Clinically, icterus is evident, though the physical exam is typically otherwise normal. Most patients are asymptomatic with some complaining of nonspecific issues (fatigue, ab pain, weakness). Icterus may be so mild as to only become evident in the context of a trigger such as illness, pregnancy, or OCP use
Routine labs are unremarkable, including CBC and LFTs. Bilirubin usually ranges 2-5 but can be normal or very high (20-25).

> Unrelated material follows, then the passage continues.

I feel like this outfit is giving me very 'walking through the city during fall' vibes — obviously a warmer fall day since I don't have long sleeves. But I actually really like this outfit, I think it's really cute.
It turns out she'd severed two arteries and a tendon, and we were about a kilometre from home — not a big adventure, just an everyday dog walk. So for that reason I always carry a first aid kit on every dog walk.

Urinary coproporphyrin studies. People with DJS have 80% Copro I whereas normal people have majority Copro III.
Grossly, liver is black. Histo it’s normal though, though dense pigment composed of epinephrine metabolites in lysosomes can be seen.
“That DJ has got some dark ass beats”
Dx of DJS
Conjugated hyperbilirubinemia with a direct bilirubin fraction of at least 50% and an otherwise normal liver function panel must be present.

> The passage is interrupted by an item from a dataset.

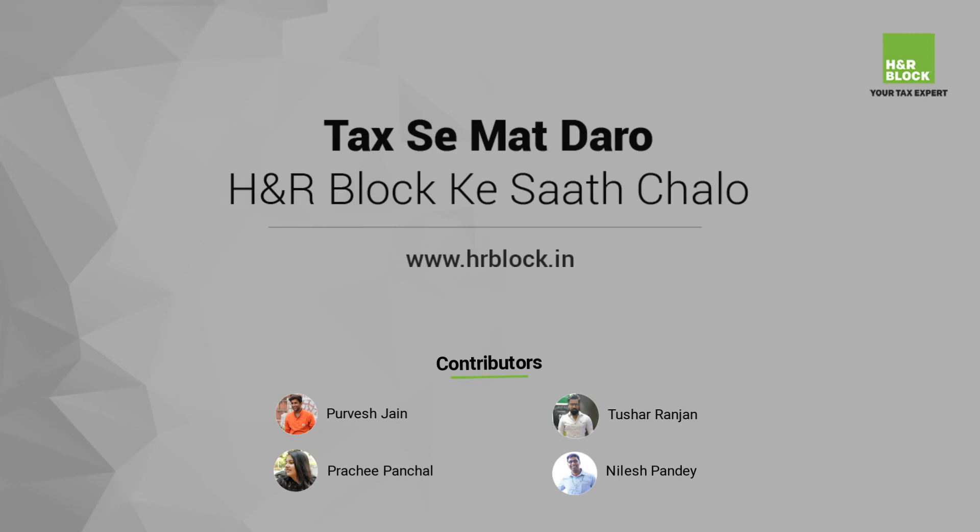We hope you found this video useful and always remember: tax ya mat daro, ecche na blog ke saath chalo.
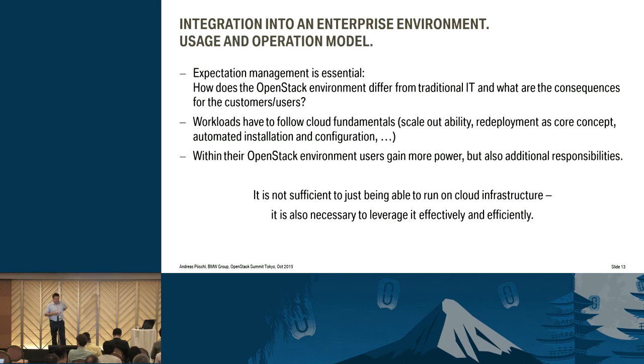Then there's the usage and operation model. Do your customers really know what they get? Do the managers know what you're going to provide? They think you need cloud and then want to put everything into cloud — no. Only that workload that is suitable to run there, that benefits from the new environment, should go to the cloud. If you've got a very efficient database running in classic IT, leave it there. The main metric for a database in the classic world is stability, and agility is not an issue there.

Confirmation can be obtained by evaluating urinary coproporphyrin for unusually high Copro I
No tx required and prognosis is great
Rotor Syndrome
Benign condition in which there is a defect of hepatic storage of conjugated bilirubin, resulting in its leakage into the plasma
Chronic and mild hyperbilirubinemia of both conjugated and unconjugated forms then develops, without any sign of hemolysis
Liver function tests are normal. Pigmented granules are not seen in hepatocytes
Gilbert’s Syndrome
Occurs in patients with no apparent liver disease who have mild unconjugated hyperbilirubinemia thought to be provoked by one of the classic triggers (fasting, stress, illness)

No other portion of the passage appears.